The upshot is that in one sense Data Frames are really just advanced tables, but Data Frames are a little cleverer than a simple 2D array of data.

They can contain different types of data in different columns.
Unlike a simple 2D array, they have column headings (the keys), and data can be indexed by these, which means adding a column to a dataset is easy, and often doesn’t require changes to code.
They naturally map to the way we often store data (e.g., in CSV or spreadsheet files), so input and output are easy.
They allow for missing data, which is endemic in real datasets, in a natural and (hopefully) efficient manner.
We can perform joins across them.
Data Frames match naturally to the philosophy of Tidy Data

Julia has a package called, naturally enough DataFrames, and in conjunction with a few other bits and pieces (in particular the CSV package) it’s very powerful. So here’s a few steps to using it. BTW, I assume you lot can read the docs and install a package.
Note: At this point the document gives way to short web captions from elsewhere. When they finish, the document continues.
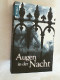 Augen In Der Nacht : Psychothriller. - Polars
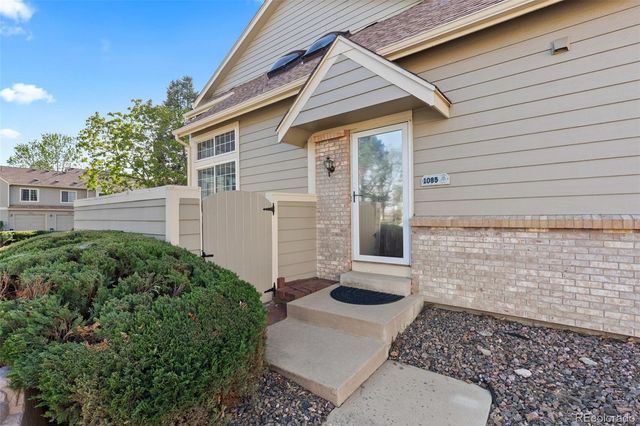 7373 E Iowa Avenue 1085, Denver, CO 80231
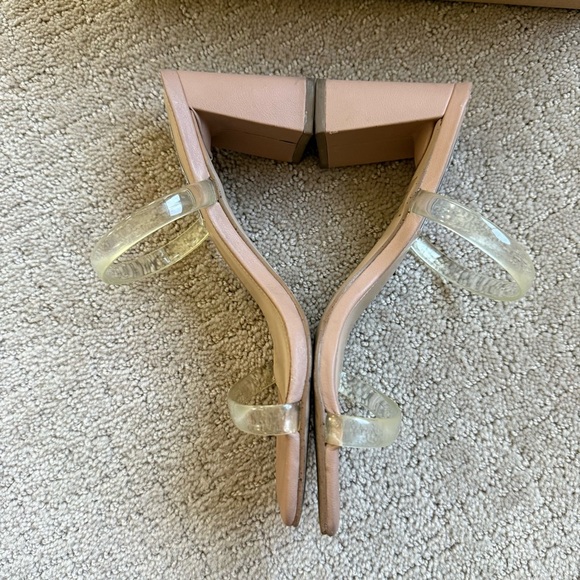 Steve Madden Lilah Sandals - Picture 5 of 8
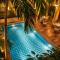 Hotel Kyrios Veracruz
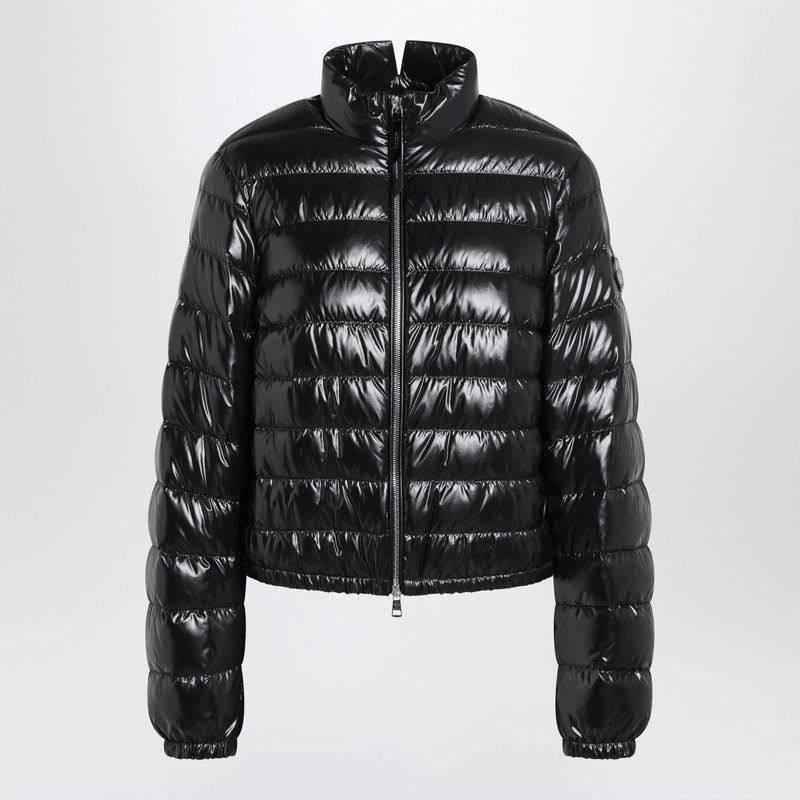 MONCLER GENIUS Futuristic Mini Down Jacket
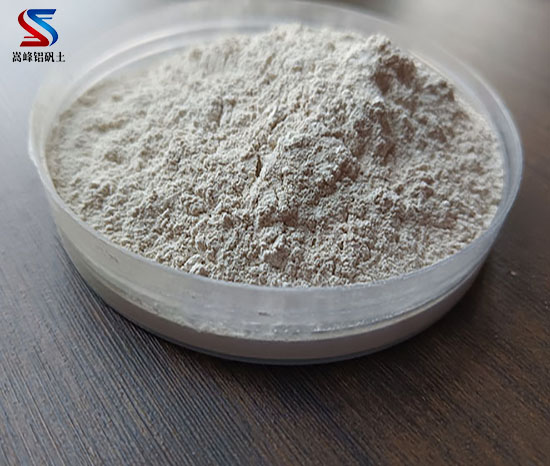 �����T��Ϳ���X���V�ăr(ji��)���Ƕ�����,�X�\������,�X�\�����σr(ji��)��,�X�\�����ϏS��,�X�\��,�X���}��,�X�\������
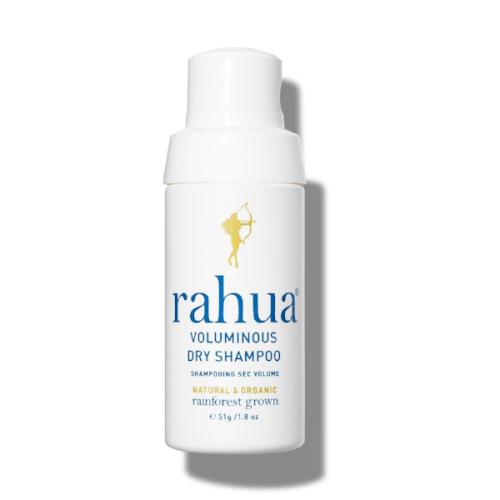 Rahua Voluminous Dry Shampoo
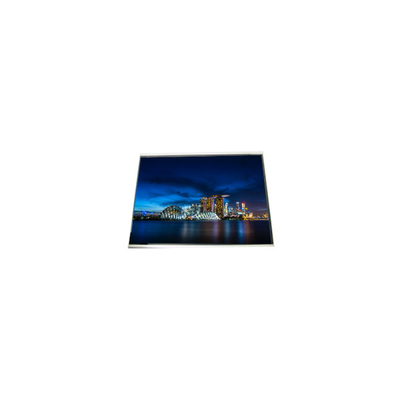 अच्छी कीमत HSD060FHW1-C00 6.0 इंच 720*1280 a-Si TFT-LCD स्क्रीन डिस्प्ले ऑनलाइन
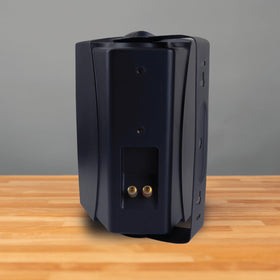 Extended warranty available for LU63PB speakers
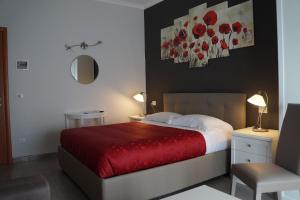 B&B Peschici 4 Stagioni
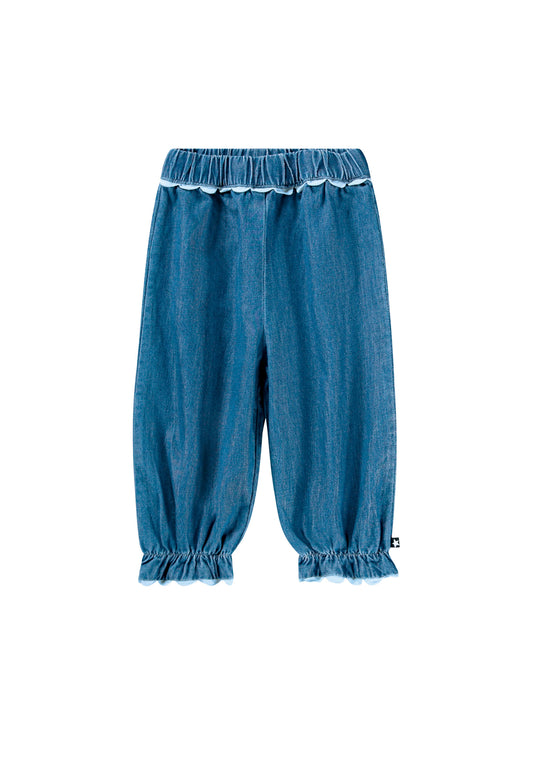 Molo Sana Woven Pants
Sound fair?

Included below is a simple set of code I’ve been using to learn how to use Data Frames in Julia. Data Frames are an idea that comes from the programming language R.

With the CSV package it is very easy to read in a CSV file into a Data Frame. For instance, download the file movie_sequence.csv, and try this

julia> using DataFrames
julia> using CSV
julia> file = "movie_sequence.csv"
julia> movies = CSV.read(file)

It should display a table of showing the contents of the CSV file. Now we can play with this data in many ways. For instance, we can extract a set of columns using

julia> movies[ [:Title, :Phase] ]

will output just the two selected columns (also in a Data Frame).

And we can do all the standard things you would like to do. Have a look at the DataFrames documentation for many more examples and here is a handy cheat sheet.

The most important thing to grasp is that the data types of the columns are unions of a standard type, and Missing. And each column is (in some sense) a separate array (each of the same length). So, we a column of integers might be of type

	Array{Union{Missing, Int64},1}

That is, and 1-D array of elements of type Union{Missing, Int64}. This is important, as it sometimes means we are a bit clumsy working on these. Julia has many functions defined, for instance, for integers, but they won’t work out of the box on a Union because Julia uses multiple dispatch to select which function is called. It matches up the types of the arguments to the input parameters, and if it can’t find a matching function there will be an error. I wrote a few (slightly painful looking) pieces of code to cope with this. For instance, the following lines strip leading and trailing spaces from String elements, and replace Missing elements with an empty string.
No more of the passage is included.